Not-so-Great Guy Trying to Make Amends
In
The Brief Wondrous Life of Oscar Wao
by Junot Diaz, the narrator—whose name readers do not learn until late in the
book is Yunior—tells the story of his college roommate, Oscar de León, who had
been killed shortly after college.
Yunior narrates Oscar’s story, he says, as his “very own counterspell”
(Diaz 7) for a curse, or fukú, he
believes has influenced his life.
Yunior’s curse, he admits, “ain’t the scariest, the clearest, the most
painful, or the most beautiful. . . . It
just happens to be the one that’s got its fingers around [his] throat” (Diaz
5). Yunior wasn’t a very good friend to
Oscar, and not a great person all around.
By the end of his account, however, Yunior has come to not only
recognize that he needs to change; he has actually changed.As Yunior narrates Oscar’s story, he also admits some hard truths about himself. He comes to realize that he was not that great of a person, but he does not really try to change until years after Oscar’s death; before that, Yunior only gives lip-service to making an attempt. For instance, every time Lola, Oscar’s sister, breaks up with Yunior over his infidelity, Yunior swears he will do better. He tries for a little while to stay true to Lola, since even though “at college you’re not supposed to care about anything—you’re just supposed to [mess] around,” Yunior actually cares for Lola (Diaz 167). However, after a small amount of time without sex, Yunior goes back to his philandering ways. He is jealous of Lola’s boyfriends during the periods of time when she is not with him, but does not stop sleeping with other women, both between and during his relationships with Lola. But even after Oscar’s death, when they find comfort in each other, Yunior and Lola are not happy together; the specter of Oscar’s death looms over their heads, and eventually they separate for the last time, Yunior alone once again.

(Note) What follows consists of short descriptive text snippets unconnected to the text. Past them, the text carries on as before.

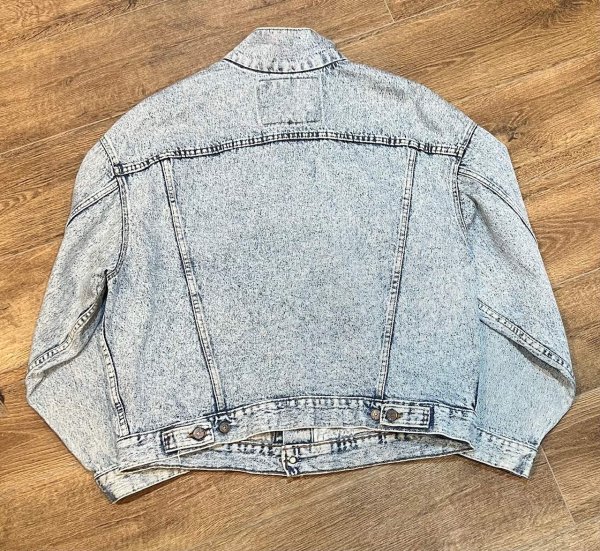 画像3: 90’s 【ビンテージ】USA製【リーバイス】【LEVIS】【70598】【ケミカルウォッシュ】【デカパッチ】【Gジャン】デニムジャケット【サイズXL】  (3)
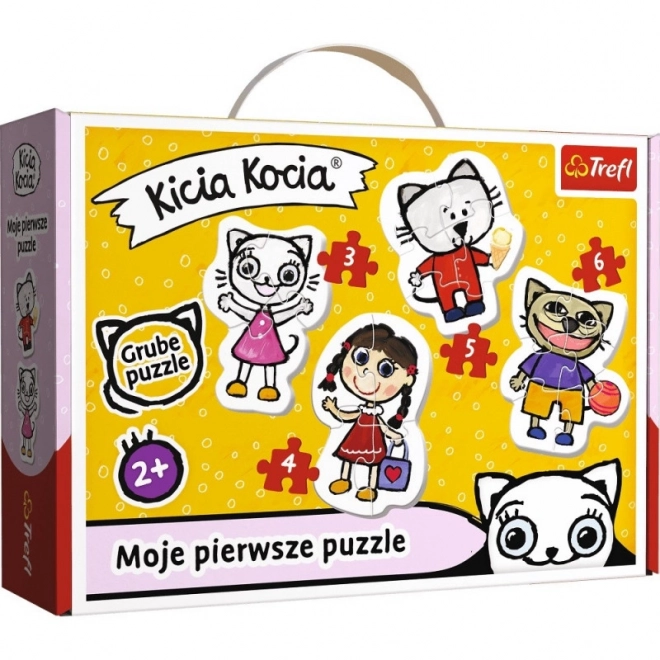 Puzzle BABY Veselá kočka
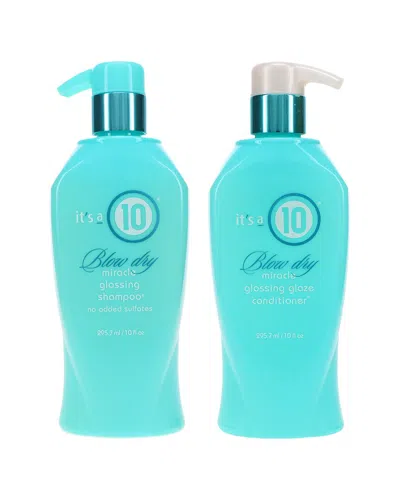 It's A 10 10 & 10 oz Blow Dry Miracle Glossing Shampoo 10 oz & Conditioner 10 oz Combo | Pack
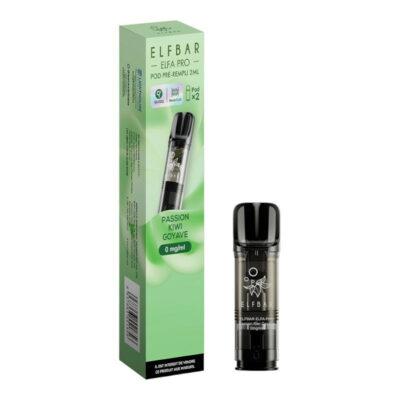 Pack de 2 Pods ELFA Pro 2ml 00mg ElfBar - Passion Kiwi Goyave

Lola is the only reason that Yunior even agrees to become Oscar’s college roommate when they are younger. Oscar is newly a freshman, and Lola thinks he needs someone to show him around campus, to get Oscar used to college life. The attempt does not work very well. However, when Oscar lapses into depression at the end of his sophomore year in college, Yunior continues as his roommate—but not for Oscar. Yunior is too selfish for that; he really just wants Lola to admire him, so since “after the suicide drama nobody in Demarest wanted to room with homeboy, was going to have to spend junior year by himself” (Diaz 169), Yunior agrees to room with Oscar again. Admitting to his own selfishness, Yunior says that he “liked to play it up as complete philanthropy,” but also has come to realize in the intervening years since Oscar’s murder that “that’s not exactly true” (Diaz 169). After all, he does want to help Lola out, but he also wants to take care of himself. His own college housing prospects had just become the worst he could possibly imagine, and Demarest—with the room he shared with only Oscar—was looking like the best option he was going to have, and that “Oscar, for all his unhappiness, didn’t seem like so bad an option” (Diaz 169).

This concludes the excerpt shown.